Can my noble friend say whether the bank is able to invest in infrastructure—in this instance, nature-based solutions—in UK overseas territories? A number of things can be done there. Just one example is mangrove replanting, which can have a significant impact on addressing the current climate emergency and more impact than some of the projects that can be done alongside in the United Kingdom. Can the bank invest in such infrastructure projects in UK overseas territories?
I gently point my noble friend to a report from your Lordships’ Science and Technology Committee, on which I was lucky to serve, on nature-based solutions. It clearly sets out the advantages to be had from such investments, but also the criticality, has been said across your Lordships’ House. Even if we do everything towards the reduction and eventual eradication of carbon, we must still undertake nature-based solutions. To this end, with the economic, social and environmental benefits to be had, does my noble friend agree that it makes complete sense to have nature-based solutions as part of the definition of infrastructure in the Bill?
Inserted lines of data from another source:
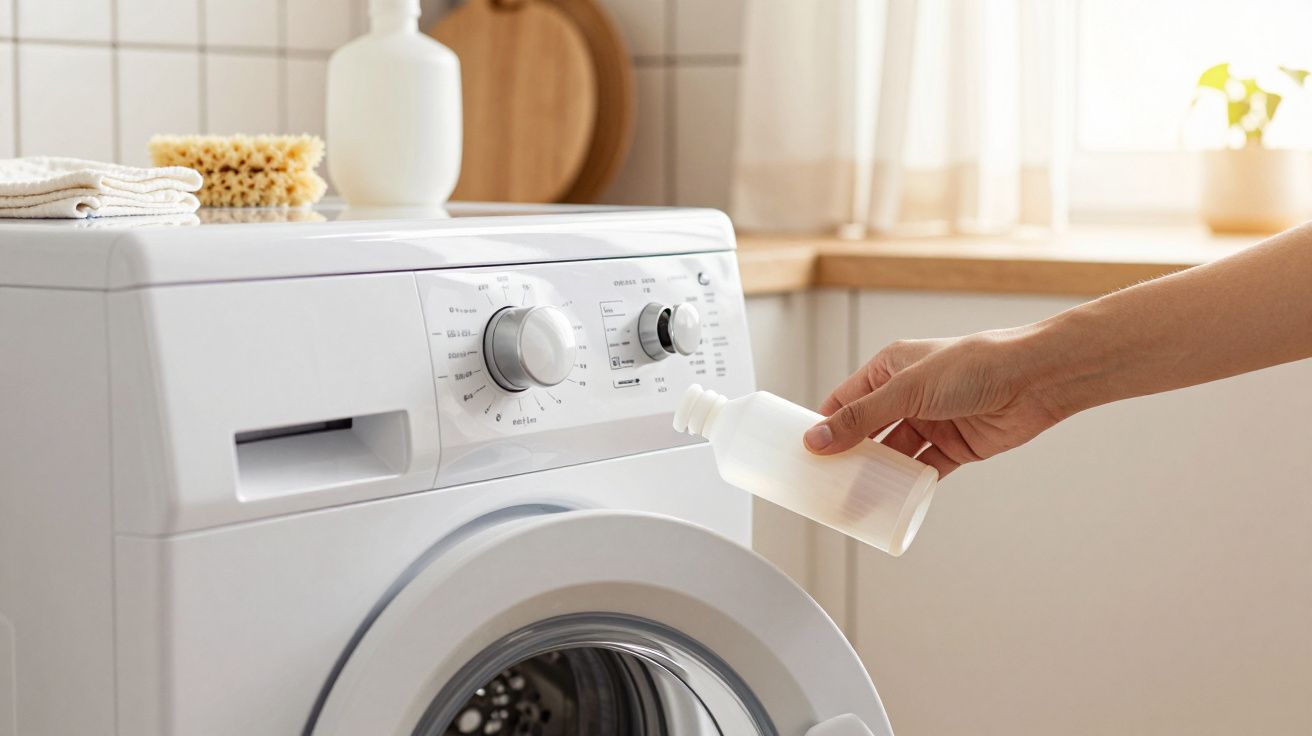 Pessoa a colocar detergente numa máquina de lavar roupa branca numa cozinha iluminada.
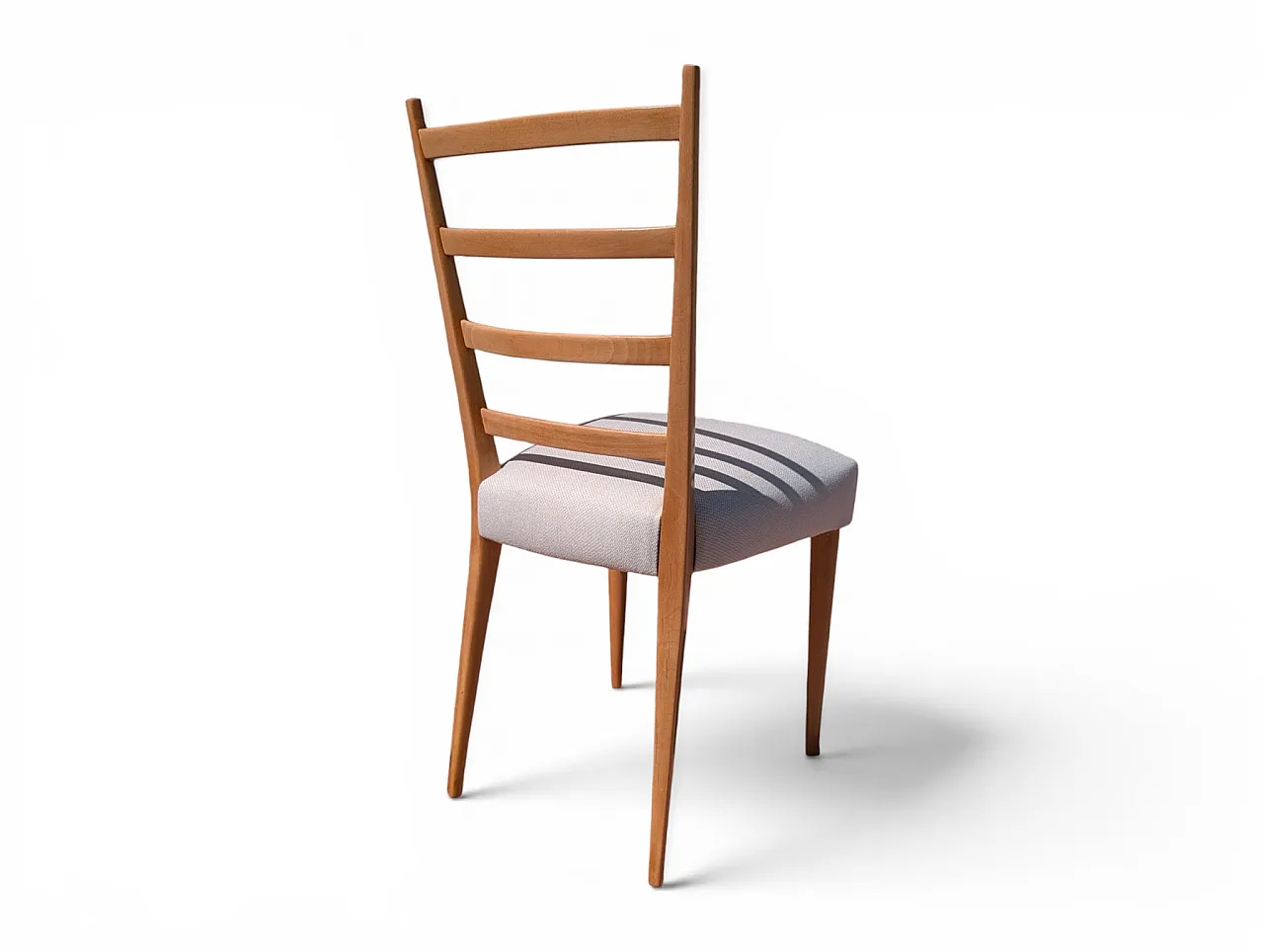 6 chairs entirely restored in maple wood, 1950s 8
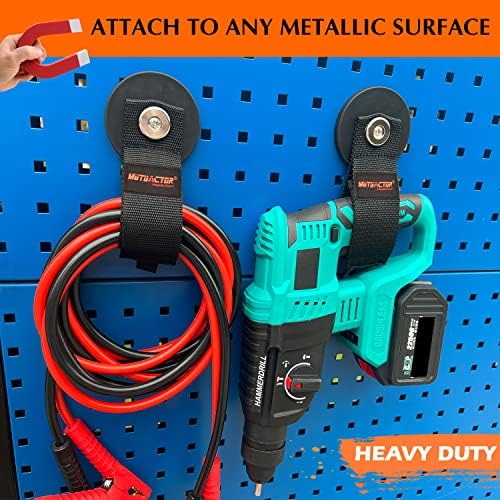 MUTUACTOR Magnetic Hooks,2packs Super Strong Magnets Hooks Heavy Duty for Hanging,Anti-Slip Rubber Coated Magnets Large Capability Cable for Garden Hoses Ropes Cordless Drills and RVs (Dia3.46'') - Image 2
My Lords, I shall speak to Amendment 6 in my name and start by declaring my interests as a project director and engineer with Atkins, and as a director of Peers for the Planet.
The problem we have, in my view, is that the second objective of the UK investment bank—to support local and regional economic growth—does not provide a clear policy intent for what the bank is to do in relation to levelling up. Getting these objectives right from the start is crucial. As the noble Lord, Lord Tunnicliffe, said at Second Reading,
“the most important debates will focus on the Government’s definition of infrastructure and the scope of the two core objectives. We must get these core components right from the off”—[Official Report, 24/5/22; cols. 824-5.]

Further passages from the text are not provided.